Wednesday, October 17, 2018

The United Nations reported that 2.6 million Venezuelans are now living abroad

Venezuelan migrants living in Medellin, Colombia sleep as they wait to attend a job fair on 27 September. The United Nations reported that 2.6 million Venezuelans are now living abroad.


We gave been fed a lot of bunkum here whose intent it to rationalize the landing of USA troops.  Other reports are saying nothing of the kind and even here we quote 1000,000 making it into Columbia.  Any other direction is impossible.  The real numbers are likely much lower and may actually be around a couple hundred thousand.

We have an apparent effort to remove Maduro who may or may not have been fairly elected. 

What we now lack is real facts on the ground..  The whole situation can surely be settled since sanctions are actually blocking money transfers.
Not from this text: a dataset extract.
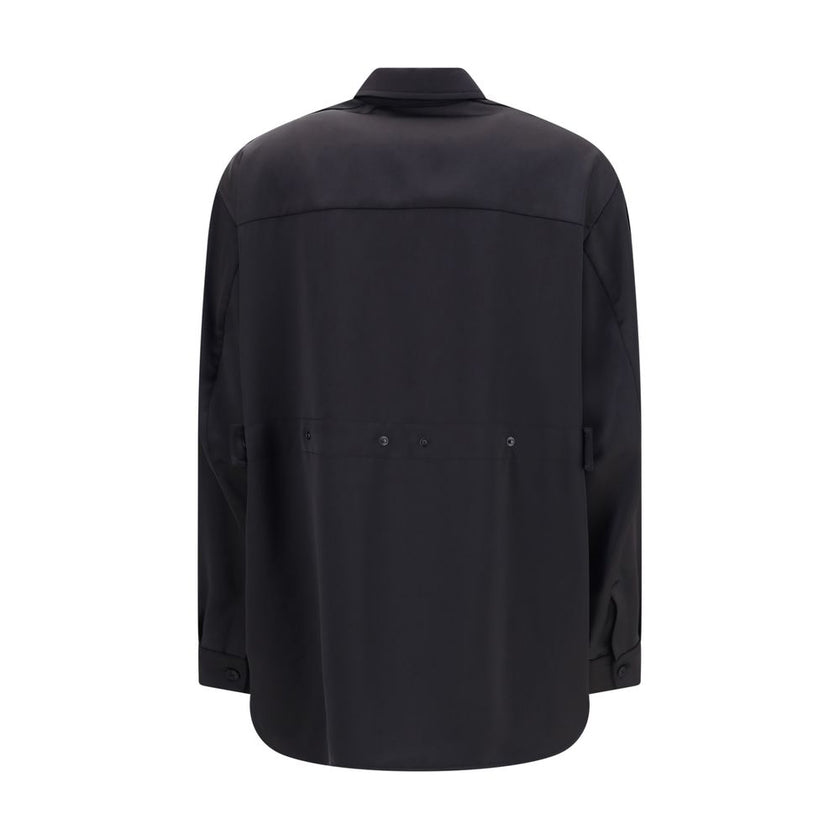 Black Polyester Dress ShirtThe Shirt in Technical Polyester Satin Moncler x EE72 collection by Edward Enninful and finished with a nylon laqué yoke lining, it features a classic shirt collar, button closure, adjustable cuffs, and a back strap with snap bu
Venezuela: nearly 2m people have fled country since 2015, UN says UN refugee agency chief called for a ‘non-political and humanitarian’ response to the exodus

Agence France-Presse in Geneva

Mon 1 Oct 2018 18.10 BST Last modified on Mon 1 Oct 2018 18.32 BST 

Nearly two million people have fled Venezuela’s economic and political crisis since 2015, according to the UN which called for a “non-political” response to an exodus that is straining regional resources.

“Some 5,000 people are now leaving Venezuela daily – the largest population movement in Latin America’s recent history,” UN refugee agency (UNHCR) chief Filippo Grandi told the organisation’s executive committee on Monday.

“A non-political and humanitarian approach is essential to help states receiving them in growing numbers,” he added.

UNHCR spokesman William Spindler told AFP that 1.9 million people had left the country since 2015, an increase on a previous count of 1.6 milion.

According to the UNHCR, 2.6 million Venezuelans are now living abroad.

Colombia, which has taken in more than a million Venezuelans, called last week for a regional response, saying the migrant crisis was costing it about 0.5% of GDP – around $1.5m.

Grandi applauded Latin American countries for keeping their borders open, but said the regional response needed more “coherence”. But the countries concerned also needed more support, he conceded.

Oil income-dependent Venezuela’s economic woes began in 2014 with the crash in the price of crude.
Venezuelan president Nicolás Maduro’s government has since been slapped with a range of sanctions over its crackdown on the opposition and civil society critics.